Problem statement -
Pull out of the data below the stretch of lines bounded by the one containing "Apartment World's Tallest" and the one containing "Video: así se", both bounds included, unchanged.

Material shown -
────────

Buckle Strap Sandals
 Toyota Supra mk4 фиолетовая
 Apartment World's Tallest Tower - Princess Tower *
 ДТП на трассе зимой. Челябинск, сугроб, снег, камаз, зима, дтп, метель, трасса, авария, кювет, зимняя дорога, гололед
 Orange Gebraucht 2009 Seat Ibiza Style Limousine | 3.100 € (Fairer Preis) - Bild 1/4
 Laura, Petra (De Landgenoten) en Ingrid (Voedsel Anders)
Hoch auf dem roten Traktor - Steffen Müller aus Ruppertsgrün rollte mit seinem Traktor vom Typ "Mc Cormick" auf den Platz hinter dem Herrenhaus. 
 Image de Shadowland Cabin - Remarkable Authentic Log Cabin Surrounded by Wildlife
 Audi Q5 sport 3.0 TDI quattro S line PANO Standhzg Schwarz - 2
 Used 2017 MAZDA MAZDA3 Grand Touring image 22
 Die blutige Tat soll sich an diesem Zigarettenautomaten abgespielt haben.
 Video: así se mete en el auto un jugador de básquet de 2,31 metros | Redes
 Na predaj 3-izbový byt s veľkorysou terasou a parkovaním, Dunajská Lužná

────────

Solution to the problem -
 Apartment World's Tallest Tower - Princess Tower *
 ДТП на трассе зимой. Челябинск, сугроб, снег, камаз, зима, дтп, метель, трасса, авария, кювет, зимняя дорога, гололед
 Orange Gebraucht 2009 Seat Ibiza Style Limousine | 3.100 € (Fairer Preis) - Bild 1/4
 Laura, Petra (De Landgenoten) en Ingrid (Voedsel Anders)
Hoch auf dem roten Traktor - Steffen Müller aus Ruppertsgrün rollte mit seinem Traktor vom Typ "Mc Cormick" auf den Platz hinter dem Herrenhaus. 
 Image de Shadowland Cabin - Remarkable Authentic Log Cabin Surrounded by Wildlife
 Audi Q5 sport 3.0 TDI quattro S line PANO Standhzg Schwarz - 2
 Used 2017 MAZDA MAZDA3 Grand Touring image 22
 Die blutige Tat soll sich an diesem Zigarettenautomaten abgespielt haben.
 Video: así se mete en el auto un jugador de básquet de 2,31 metros | Redes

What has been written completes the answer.